Giant mossy fiber bouton area and complexity are increased one and three months after status epilepticus
Giant bouton area and complexity were assessed in one and three month control mice, and mice collected one (1M SE) and three (3M SE) months after pilocarpine-induced status epilepticus. Analysis of the one month and three month control groups revealed that they were statistically equivalent for all parameters examined in the present study (t-test), so the two groups were pooled, and from here on are referred to as controls. A total of 222 giant boutons from fourteen control mice, 209 giant boutons from eight 1M SE mice and 135 boutons from seven 3M SE mice were examined. Mossy fiber bouton area was significantly increased in both groups of epileptic animals relative to controls (; P<0.001, ANOVA with Tukey’s post test). The frequency of giant boutons connected to “satellite” boutons by short axonal processes was also increased at both post-status time points relative to controls (; P<0.001, Kruskal-Wallis rank sum test with Dunn’s post test).
Figure 2 Dentate granule cell giant mossy fiber bouton (MFB) area is significantly increased both one and three months after status epilepticus (SE) relative to controls. The percentage of giant boutons with satellites was also increased at both time points after (more ...)

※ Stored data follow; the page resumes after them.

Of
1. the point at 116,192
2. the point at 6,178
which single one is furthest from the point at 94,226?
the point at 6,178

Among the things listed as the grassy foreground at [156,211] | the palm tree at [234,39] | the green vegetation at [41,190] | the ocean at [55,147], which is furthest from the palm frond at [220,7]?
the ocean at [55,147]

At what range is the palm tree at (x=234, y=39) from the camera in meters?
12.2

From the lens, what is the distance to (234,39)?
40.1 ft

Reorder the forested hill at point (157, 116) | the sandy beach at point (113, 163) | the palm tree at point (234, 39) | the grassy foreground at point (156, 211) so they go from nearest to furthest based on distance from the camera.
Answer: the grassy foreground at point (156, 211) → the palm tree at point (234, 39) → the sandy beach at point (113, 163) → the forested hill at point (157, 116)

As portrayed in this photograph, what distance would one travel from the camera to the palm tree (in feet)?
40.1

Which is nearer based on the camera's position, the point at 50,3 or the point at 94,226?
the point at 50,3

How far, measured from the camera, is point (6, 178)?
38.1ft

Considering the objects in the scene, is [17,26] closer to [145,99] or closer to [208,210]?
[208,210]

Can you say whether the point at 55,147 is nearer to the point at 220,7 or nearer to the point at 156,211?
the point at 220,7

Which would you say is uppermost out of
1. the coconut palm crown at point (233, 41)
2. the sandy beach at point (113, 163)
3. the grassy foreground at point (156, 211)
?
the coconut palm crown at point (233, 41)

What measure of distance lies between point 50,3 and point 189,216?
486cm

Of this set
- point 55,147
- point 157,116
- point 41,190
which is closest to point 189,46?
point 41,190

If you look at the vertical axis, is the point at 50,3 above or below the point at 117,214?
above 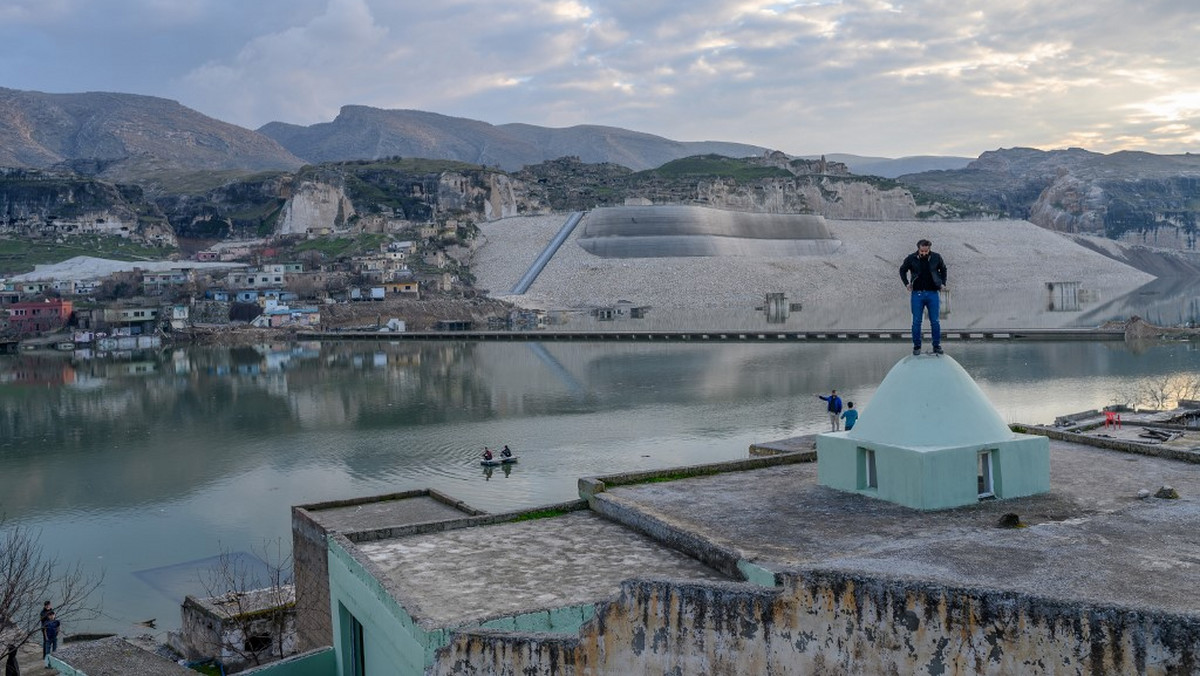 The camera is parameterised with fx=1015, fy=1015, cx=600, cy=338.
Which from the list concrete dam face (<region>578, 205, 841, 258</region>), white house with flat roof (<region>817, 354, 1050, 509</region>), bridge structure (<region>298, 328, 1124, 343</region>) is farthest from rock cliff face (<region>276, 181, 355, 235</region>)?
white house with flat roof (<region>817, 354, 1050, 509</region>)

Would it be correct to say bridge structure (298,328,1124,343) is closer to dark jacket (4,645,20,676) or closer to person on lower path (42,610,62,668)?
person on lower path (42,610,62,668)

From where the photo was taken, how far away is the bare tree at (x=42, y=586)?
49.6ft

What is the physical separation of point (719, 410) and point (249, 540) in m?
18.5

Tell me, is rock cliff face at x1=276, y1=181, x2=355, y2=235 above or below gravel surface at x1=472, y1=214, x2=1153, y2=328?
above

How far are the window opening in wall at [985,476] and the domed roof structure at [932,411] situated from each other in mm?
211

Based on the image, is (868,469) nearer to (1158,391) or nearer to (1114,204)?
(1158,391)

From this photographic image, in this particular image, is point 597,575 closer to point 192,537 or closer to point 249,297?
point 192,537

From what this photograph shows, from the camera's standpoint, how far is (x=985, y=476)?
32.8 feet

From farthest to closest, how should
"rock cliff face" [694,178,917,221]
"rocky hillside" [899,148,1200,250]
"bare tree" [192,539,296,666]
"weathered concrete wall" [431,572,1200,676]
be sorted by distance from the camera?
"rocky hillside" [899,148,1200,250] → "rock cliff face" [694,178,917,221] → "bare tree" [192,539,296,666] → "weathered concrete wall" [431,572,1200,676]

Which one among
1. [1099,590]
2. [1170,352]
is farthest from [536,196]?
[1099,590]

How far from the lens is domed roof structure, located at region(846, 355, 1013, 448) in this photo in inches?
385

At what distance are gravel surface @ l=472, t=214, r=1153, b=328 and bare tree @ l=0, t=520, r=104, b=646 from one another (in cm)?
5994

Thorny excrescence labeling in Thy1-GFP-expressing mice
GFP-labeling of CA3b pyramidal cell thorny excrescences in the Thy1-GFP line was robust, allowing for easy quantification of their numbers and complexity. A total of 50 cells were imaged from control animals, 33 cells from 1M SE animals and 26 cells from 3M SE animals. All CA3 pyramidal cells examined conformed to the morphology of “classical” CA3 pyramidal cells (Lorente de No, 1934
; Amaral, 1978
; Frotscher et al., 1988
; Ishizuka et al., 1990
; Li et al., 1994
; Seress and Ribak, 1995
; Buckmaster and Amaral, 2001
). Cell bodies were located in the pyramidal cell layer and possessed one to three prominent apical dendrites (although a single cell with four apical dendrites was observed in a control). Apical dendrites projected through stratum lucidum, stratum radiatum and on into stratum lacunosum-moleculare. Basal dendrites projected into stratum oriens. These findings suggest that pyramidal cells labeled in the Thy1-GFP line are representative of the entire population; a conclusion consistent with previous work demonstrating that labeled dentate granule cells in this line are indistinguishable from granule cells labeled with other approaches (Vuksic et al., 2008
The present study focused on segments of CA3 pyramidal cell apical dendrites contained within stratum lucidum, the projection field of granule cell mossy fiber axons and the principal localization of pyramidal cell thorny excrescences. Stratum lucidum is relatively thin − 50 μm or so – and correspondingly, only a small portion of a CA3 pyramidal cells’ apical dendritic tree is localized to this region. Pyramidal cell apical dendritic branches within this region were typically first, second or third order (). Fourth and fifth order branches were occasionally observed, but were not further analyzed due to their low incidence. Total dendritic length examined, broken down by branch order, was 758 μm (1st order), 1775 μm (2nd order) and 1800 μm (3rd order) for control neurons. For animals examined one month after status, 616 μm, 1441 μm and 1143 μm were scored for first, second and third order branches, respectively. Finally, 512 μm, 1276 μm and 884 μm were scored from animals collected three months after status.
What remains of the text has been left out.